This takes each Object from the list and puts it in a new list which holds Objects. By doing so we have removed the doubt about what is in the collection and telling the compiler to simply treat them all as Objects. What we have now is equivalent to what we thought we had to start with. However, this still won’t work with our printList method:

printList(java.util.List<java.lang.String>) in Test cannot be applied to (java.util.List<java.lang.Object>)
    test.printList(newList);

This is an error so the code will now not even compile. This is good; we don’t want the compiler to allow us to pass collections of mere Objects to methods requiring collections of Strings. This would take us straight back to Java 1.4 days. The solution is to create a List<String> instead of a List<Object> and check that each objects is a String in the body of the loop which adds them to the collection.

    List<String> newList = new ArrayList<String>();
    for (Object o : l)
      if (o instanceof String)
        newList.add((String) o);
    printList(newList);

Finally we have working code which has no warnings, while still using the legacy code. This however can be quite inefficient; in some cases, we want to avoid iterating over the entire collection when we know this is going to happen anyway. A common place where this happens is using the addAll method of collections. The addAll will take each object and cast it in adding it to the list anyway (the retrieval from the producer list will generate such a cast). In these cases, we can use the annotation @SuppressWarnings(“unchecked”) to turn off the warning we know is superfluous.

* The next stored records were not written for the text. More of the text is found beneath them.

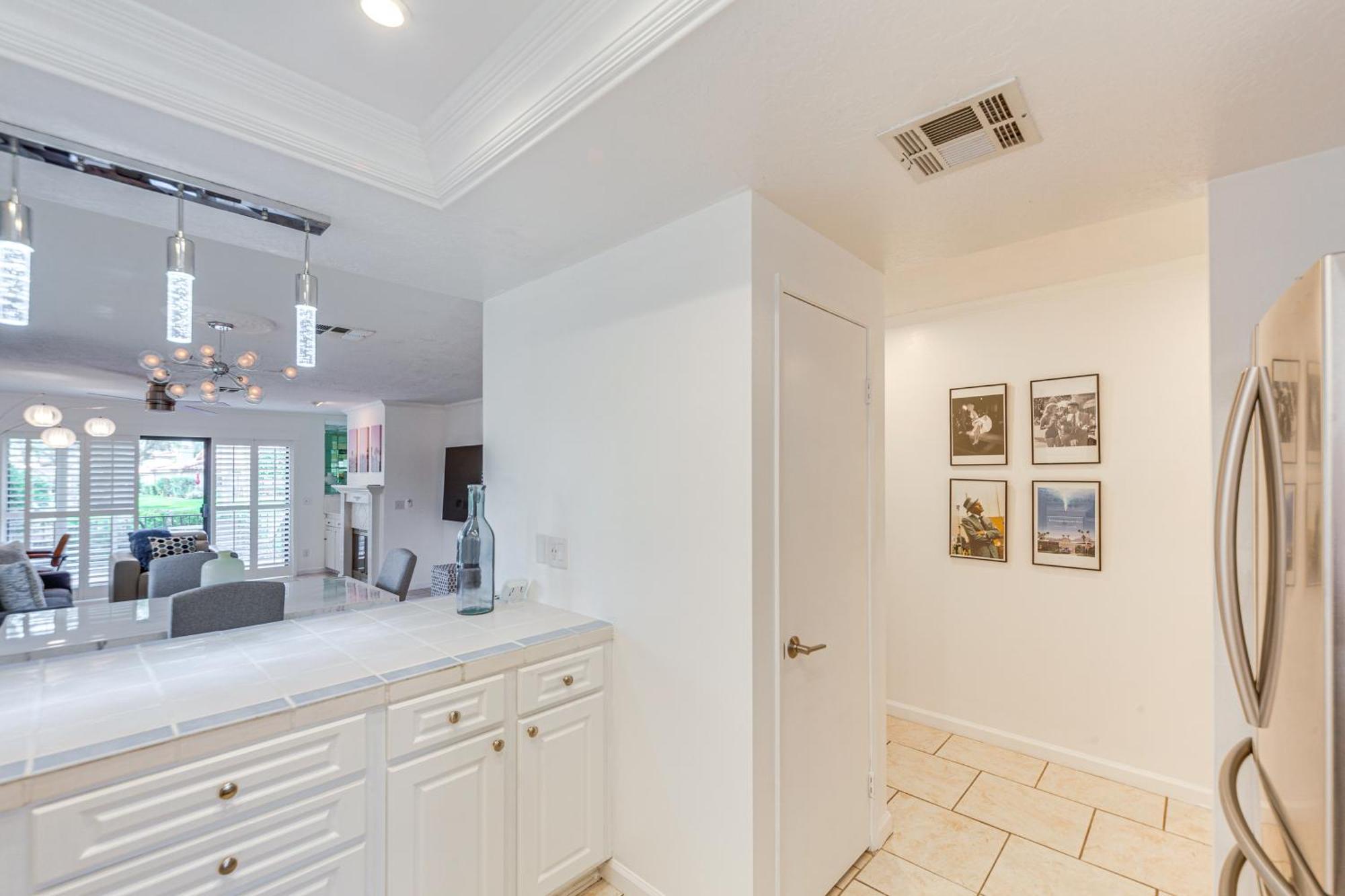 Apartment With Pool Access - Near Golfing!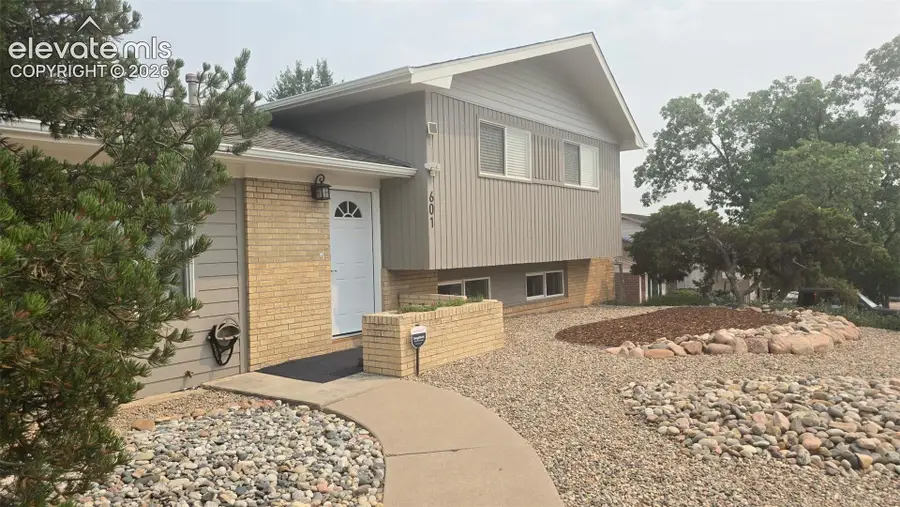 601 Crestridge Avenue, Colorado Springs, CO 80906 - #3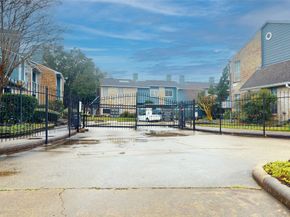 2323 Fairwind Road 860, Houston TX 77062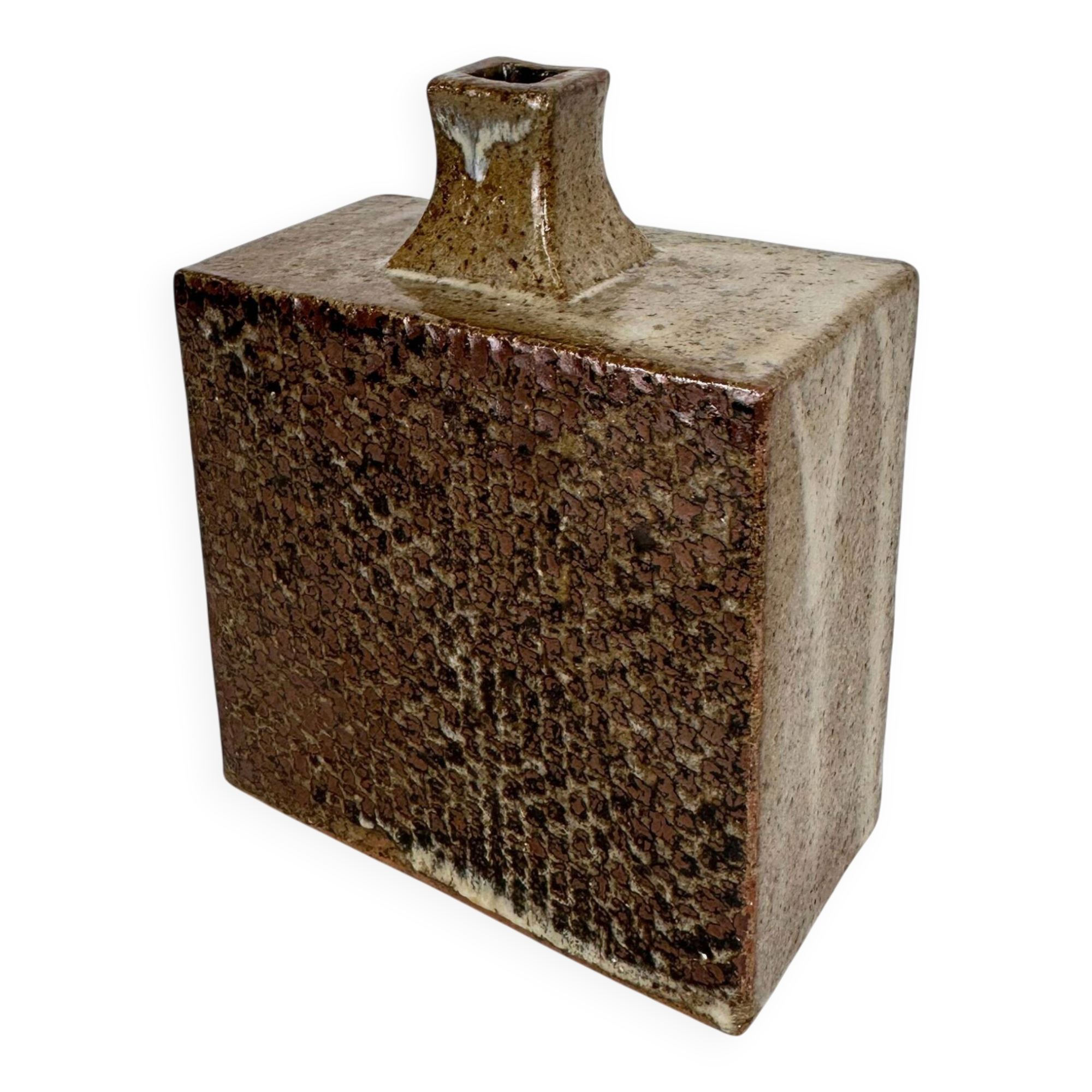 Sculptural stoneware vase in the style of Tatsuzo Shimaoka, Denmark, 1970.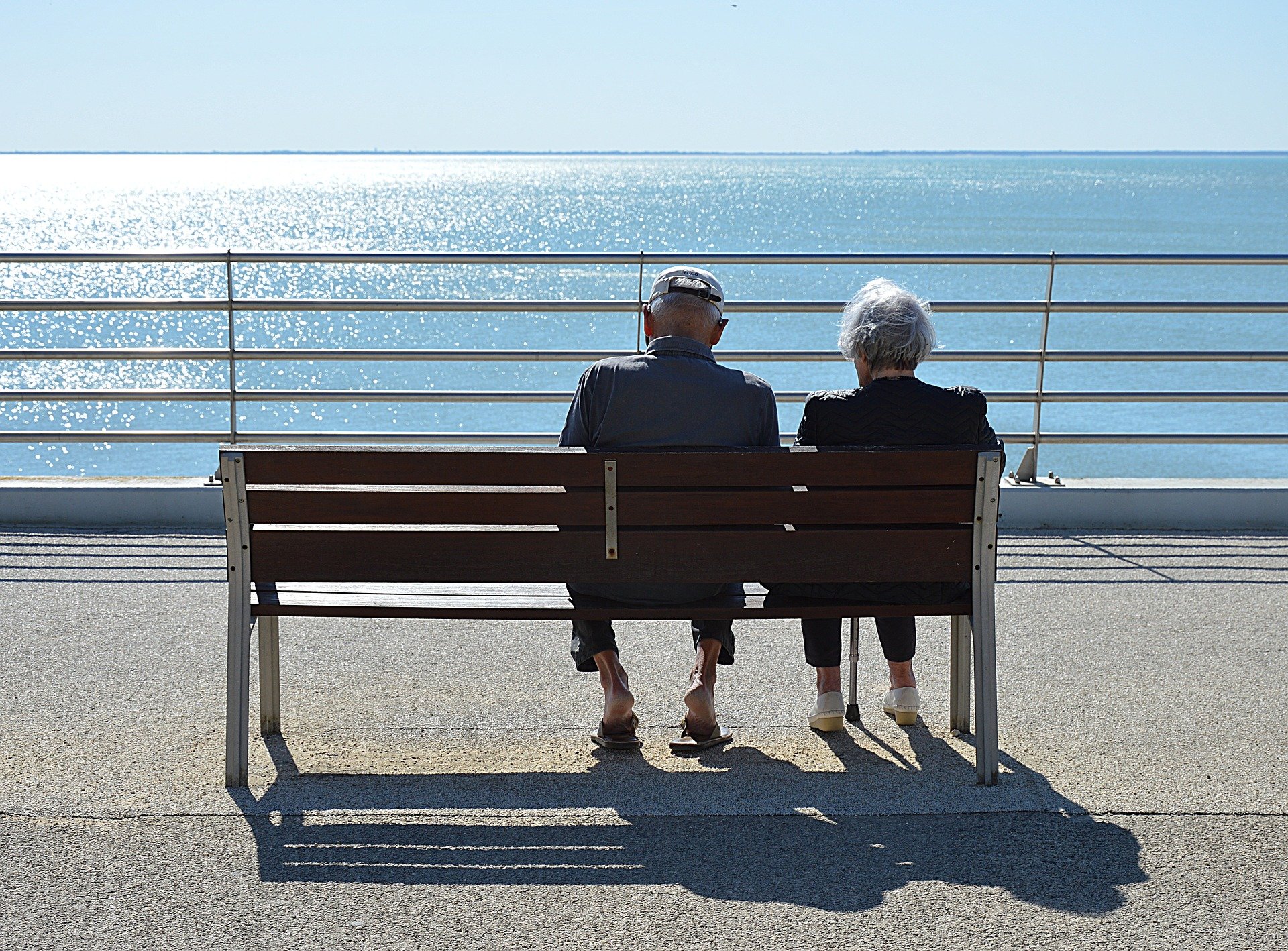 Ein älteres Ehepaar sitzt am Meer. | Quelle: Pixabay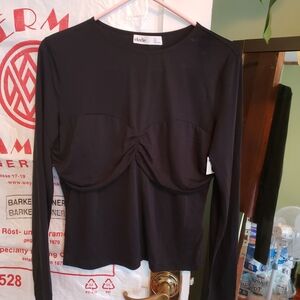 Elodie Black Long Sleeve Women's Top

This should be used with care. It should also cover the minimum area possible to avoid suppressing other warnings. Annotations can go on individual assignments so there is no need to suppress warnings for the entire method. For example, here is Classpath’s getAnnotation method:

  public <T extends Annotation> T getAnnotation(Class>T> annotationClass)
  {
    // Inescapable as the VM layer is 1.4 based.
    @SuppressWarnings("unchecked")
      T ann = (T) cons.getAnnotation(annotationClass);
    return ann;
  }

cons.getAnnotation will return something of type Annotation as our VM layer is strictly 1.4 only. As we know from the input class that the annotation will be of type T, we can forcibly apply a cast and disable the warning. Note that the suppression applies only to the one line, and the explicit assignment of ann is used to allow this (an annotation can’t be attached to a return statement). We also add a comment to explain the reasoning behind adding this annotation. This should be used sparingly and where possible generics should be used properly. In some cases, we don’t even need to convert the collection; retrieving the size can be achieved simply from a List<?> or similar.

My thanks to Joshua Bloch and his ‘Effective Java’ book for finally explaining some of the solutions documented here. I didn’t realise until reading this that annotations could be applied to such a narrow scope or that it was safe to cast to a wildcard type from a raw type. This has enabled me to clean up a lot of the Classpath code.

Congratulations also to the IcedTea team, especially the OpenJDK Debian Team, for getting openjdk-6 into sid!

And finally, congratulations to Mark and Petri on the birth of their son, Jonas :)